Aiming High Is a Good Thing
Since the first Zune's release in 2006, sales of the MP3 players have been a mere fraction of those of the market-leading Apple iPod.
In November, Microsoft slashed the prices on its flash-based Zune devices in a bid to boost holiday season sales. However, in a filing for the second quarter of fiscal 2009 (ending Dec. 31, 2008), Microsoft said Zune platform revenue fell by US$100 million, or 54 percent, because of poor sales.
Microsoft blamed a poor economy, but iPod sales were up 3 percent during that period (although revenue fell because of price-cutting).
In January, Microsoft restructured the Zune team, splitting up the hardware and software divisions.
The Blogosphere Buzz
Despite all this, over the past few months, the blogosphere has been alive with rumors about Microsoft's plans for Zune.
About two weeks ago, a Twitter account apparently attached to the "Office the Movie" Microsoft marketing team began sending out messages hinting that Microsoft would launch a Zune phone in June.

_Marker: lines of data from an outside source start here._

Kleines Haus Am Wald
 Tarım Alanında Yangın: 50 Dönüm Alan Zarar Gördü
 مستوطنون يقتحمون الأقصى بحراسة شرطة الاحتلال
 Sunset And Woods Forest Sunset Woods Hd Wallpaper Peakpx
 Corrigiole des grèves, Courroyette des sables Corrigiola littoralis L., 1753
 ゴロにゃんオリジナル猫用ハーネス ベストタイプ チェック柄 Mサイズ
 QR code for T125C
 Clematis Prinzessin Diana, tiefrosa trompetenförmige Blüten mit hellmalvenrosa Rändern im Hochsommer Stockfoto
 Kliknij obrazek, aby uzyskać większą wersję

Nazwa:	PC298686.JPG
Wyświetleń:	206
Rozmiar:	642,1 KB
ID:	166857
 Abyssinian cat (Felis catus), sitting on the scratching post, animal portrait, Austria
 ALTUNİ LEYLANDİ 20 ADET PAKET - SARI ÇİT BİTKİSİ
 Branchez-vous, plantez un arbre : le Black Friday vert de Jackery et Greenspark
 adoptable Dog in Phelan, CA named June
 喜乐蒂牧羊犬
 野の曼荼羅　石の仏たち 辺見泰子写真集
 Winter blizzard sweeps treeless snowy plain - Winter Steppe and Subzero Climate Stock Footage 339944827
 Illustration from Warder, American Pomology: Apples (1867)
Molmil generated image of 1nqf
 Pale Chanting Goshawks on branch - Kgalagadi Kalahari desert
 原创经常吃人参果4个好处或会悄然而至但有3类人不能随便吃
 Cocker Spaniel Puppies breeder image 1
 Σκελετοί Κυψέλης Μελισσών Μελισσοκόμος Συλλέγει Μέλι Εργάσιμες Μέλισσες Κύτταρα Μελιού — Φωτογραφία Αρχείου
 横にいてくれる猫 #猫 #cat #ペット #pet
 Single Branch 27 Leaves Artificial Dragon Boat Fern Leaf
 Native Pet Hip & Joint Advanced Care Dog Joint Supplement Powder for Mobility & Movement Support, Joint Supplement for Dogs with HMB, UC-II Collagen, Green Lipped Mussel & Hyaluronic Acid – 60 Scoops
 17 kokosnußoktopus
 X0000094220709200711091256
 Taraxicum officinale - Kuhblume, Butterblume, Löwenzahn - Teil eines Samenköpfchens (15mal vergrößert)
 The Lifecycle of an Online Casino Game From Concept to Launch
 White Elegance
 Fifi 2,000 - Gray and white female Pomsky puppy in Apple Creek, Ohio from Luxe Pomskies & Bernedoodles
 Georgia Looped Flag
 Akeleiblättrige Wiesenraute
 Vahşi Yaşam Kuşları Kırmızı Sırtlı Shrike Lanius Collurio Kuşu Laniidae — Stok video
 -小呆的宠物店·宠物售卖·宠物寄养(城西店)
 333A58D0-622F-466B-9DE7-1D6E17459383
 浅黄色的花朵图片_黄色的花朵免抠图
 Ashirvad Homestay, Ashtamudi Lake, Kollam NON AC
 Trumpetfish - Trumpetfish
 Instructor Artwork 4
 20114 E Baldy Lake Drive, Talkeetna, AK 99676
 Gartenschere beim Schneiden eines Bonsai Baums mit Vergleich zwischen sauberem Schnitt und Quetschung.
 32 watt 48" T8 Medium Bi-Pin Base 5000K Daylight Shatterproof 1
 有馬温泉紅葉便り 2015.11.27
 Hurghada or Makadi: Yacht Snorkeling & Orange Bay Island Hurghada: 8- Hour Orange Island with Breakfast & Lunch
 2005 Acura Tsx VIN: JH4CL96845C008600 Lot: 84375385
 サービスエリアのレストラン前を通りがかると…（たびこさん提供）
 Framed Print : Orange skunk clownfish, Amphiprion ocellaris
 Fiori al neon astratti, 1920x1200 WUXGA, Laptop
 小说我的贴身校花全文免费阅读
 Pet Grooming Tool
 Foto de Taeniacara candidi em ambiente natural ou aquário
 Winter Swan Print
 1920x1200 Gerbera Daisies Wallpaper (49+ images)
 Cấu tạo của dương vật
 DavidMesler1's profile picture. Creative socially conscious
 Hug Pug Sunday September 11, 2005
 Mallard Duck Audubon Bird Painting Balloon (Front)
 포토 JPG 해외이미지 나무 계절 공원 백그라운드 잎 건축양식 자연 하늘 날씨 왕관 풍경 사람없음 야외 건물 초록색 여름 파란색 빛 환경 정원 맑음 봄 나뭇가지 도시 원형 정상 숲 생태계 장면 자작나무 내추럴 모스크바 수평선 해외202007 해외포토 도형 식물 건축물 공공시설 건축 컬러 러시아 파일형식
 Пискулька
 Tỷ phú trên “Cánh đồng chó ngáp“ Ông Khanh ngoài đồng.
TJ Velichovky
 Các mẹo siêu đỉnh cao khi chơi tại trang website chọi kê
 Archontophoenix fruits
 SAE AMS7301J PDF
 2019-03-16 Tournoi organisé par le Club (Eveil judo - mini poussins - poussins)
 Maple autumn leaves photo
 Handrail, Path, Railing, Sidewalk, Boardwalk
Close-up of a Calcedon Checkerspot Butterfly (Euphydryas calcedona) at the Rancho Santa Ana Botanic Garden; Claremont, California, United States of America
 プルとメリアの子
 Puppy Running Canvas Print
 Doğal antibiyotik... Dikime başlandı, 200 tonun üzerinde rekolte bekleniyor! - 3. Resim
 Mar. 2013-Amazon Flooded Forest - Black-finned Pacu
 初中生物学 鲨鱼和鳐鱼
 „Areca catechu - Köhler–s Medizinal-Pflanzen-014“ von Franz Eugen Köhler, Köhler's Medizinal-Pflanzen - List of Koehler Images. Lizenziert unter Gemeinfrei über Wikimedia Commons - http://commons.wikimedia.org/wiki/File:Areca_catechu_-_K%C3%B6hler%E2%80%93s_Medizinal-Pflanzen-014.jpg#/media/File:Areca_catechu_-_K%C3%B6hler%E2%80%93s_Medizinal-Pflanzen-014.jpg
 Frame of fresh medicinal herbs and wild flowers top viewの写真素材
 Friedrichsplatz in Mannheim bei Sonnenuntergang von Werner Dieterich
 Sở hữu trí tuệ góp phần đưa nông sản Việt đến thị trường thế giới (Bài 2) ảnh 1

Those messages, however, were disowned by Microsoft as fakes.
There have consistently been rumors circulating about Microsoft's so-called "Pink" project, which will puportedly bring Zune features and functions to Windows Mobile smartphones.
"We decided for the sake of our Zune customers and potential customers to just come out and say what we're doing," Zune's Seitz said.
Zune HD Specs
Microsoft, however, has unveiled only a handful of choice details on the upcoming Zune, rather than a full and complete list of specs.
"There's a bunch of stuff related to firmware that's still in development, and technical specs are still being worked out," Seitz said.
What is known is that the Zune HD is capable of HD Radio reception and HD television output if it is plugged into an HD television.
Its OLED screen will provide crisp contrast, and it will run Windows CE.
Microsoft views the Zune HD as a strategic device, and NPD Group's Rubin agrees with that assessment.
"It's more of a platform, and that's traditionally been Microsoft's bailiwick," he said. "It's crucial Microsoft leverages that development environment against an installed base such as Windows Mobile devices."
What About Xbox Live?
In the fall, Seitz said, Zune will take over the Xbox Live video marketplace in eight countries: the U.S., Canada, the UK, Ireland, France, Italy, Spain and Germany.
"Zune will become the new brand for the Xbox Live marketplace," commented Rubin. "The content and service will expand beyond the isolated devices that Microsoft offers."
This could be a marketing ploy; videos played on Xbox Live and on Zune are incompatible with each other, and Microsoft could be seeking to get the 17 million-strong Xbox Live community to purchase Zune HD devices.